LOCKED OUT

The one group unions don’t want getting a minimum wage in California? Union workers

When California governor Jerry Brown signed the state’s new $15 per hour minimum wage earlier this month, some of the loudest cheers came from labor unions, longtime champions of a higher minimum wage.

But as it turns out, many of those same unions have been quietly—and often successfully—lobbying cities to let employers who hire union workers pay them less than the mandated minimum.

Unions say it gives them the flexibility to negotiate packages for their workers that supplant wages with health insurance and other benefits.

Critics say that it’s a shrewd move by unions to drive up membership dues and ensure that their workers are the cheapest in town. The exemption gives cost-conscious employers little choice but to hire union, and workers who want jobs little choice but to join their local.

“It’s an organizing tool,” said Ruben Gonzalez, senior advisor at the Los Angeles Area Chamber of Commerce. “We’ve been completely opposed.”

Representatives from Unite Here, which covers hotel and garment industry workers, the AFL-CIO, and the service industry union SEIU did not respond to multiple requests for comment.

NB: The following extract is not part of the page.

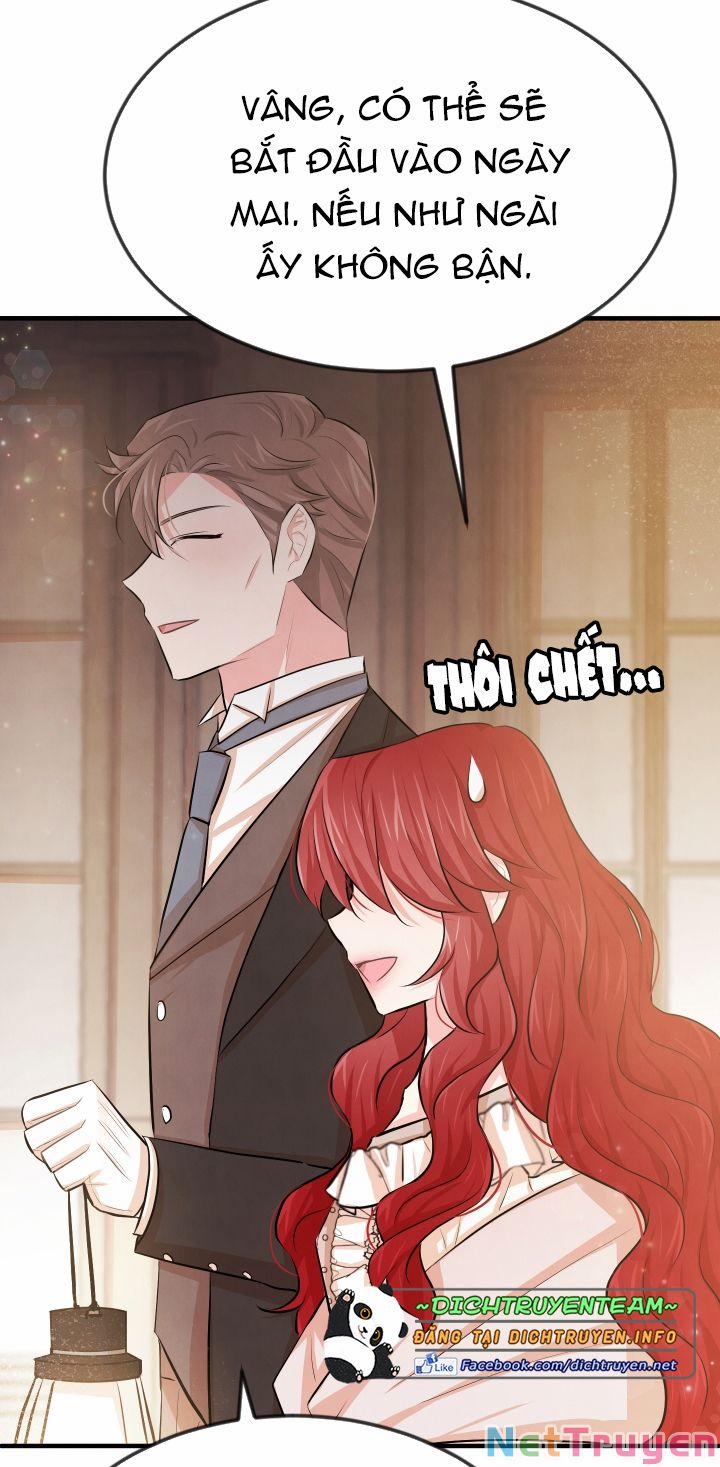 Tiểu Thư Scarlet, Em Không Muốn Trả Thù Sao? 14 trang 50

California’s new law mandates $15 per hour for all workers by 2022. Many cities had already adopted that rate locally. At the same time unions were lobbying cities to raise their wages, they were also making sure that the laws were written to exclude union workers from guaranteed higher pay.

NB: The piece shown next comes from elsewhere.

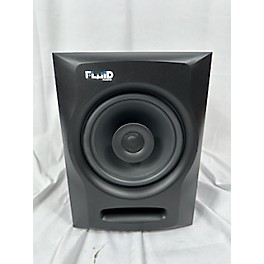 Used Fluid Audio FX80 Powered Monitor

Unions have secured such exemptions in at least 12 California cities including: Berkeley, Oakland, Palo Alto, San Francisco, San Jose, and Santa Monica. Most of those cities are in northern California’s Silicon Valley and San Francisco Bay Area, which have some of the state’s highest living costs.

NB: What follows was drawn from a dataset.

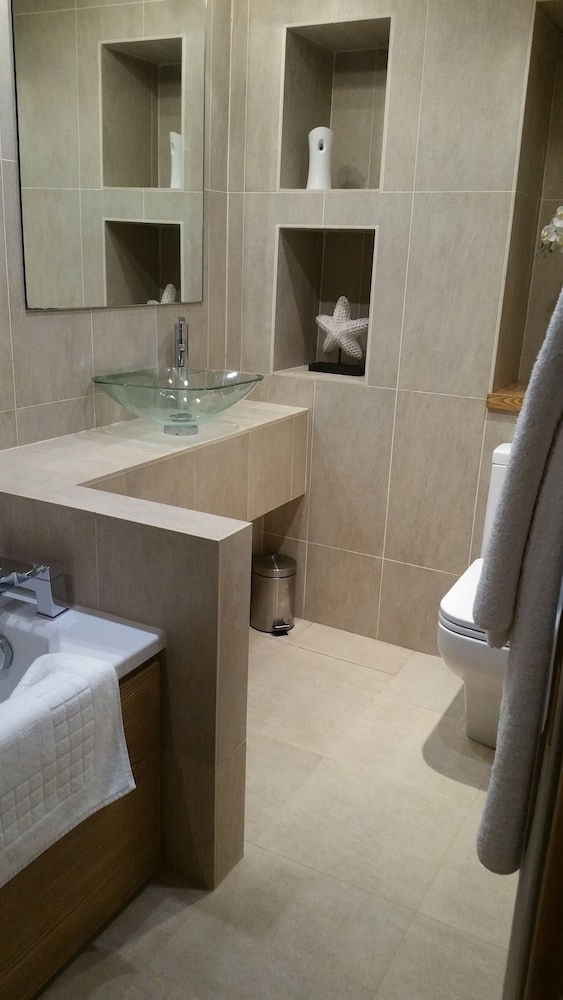 Castle Luxury Apartment lll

The Los Angeles City Council will consider a similar exemption on Tuesday, April 19. An effort to include it in Los Angeles’s $15 per hour law, which passed last year, was defeated.

The exemption has proved controversial within organized labor, with unions divided on whether it’s a good move for employees and public relations.

“I just think unions should not be in the business of carving out lower wage standards for ourselves,” SEIU-United Healthcare Workers West President Dave Regan told the LA Times. “We don’t help ourselves with anybody—with our members or with the public—by defending the indefensible.”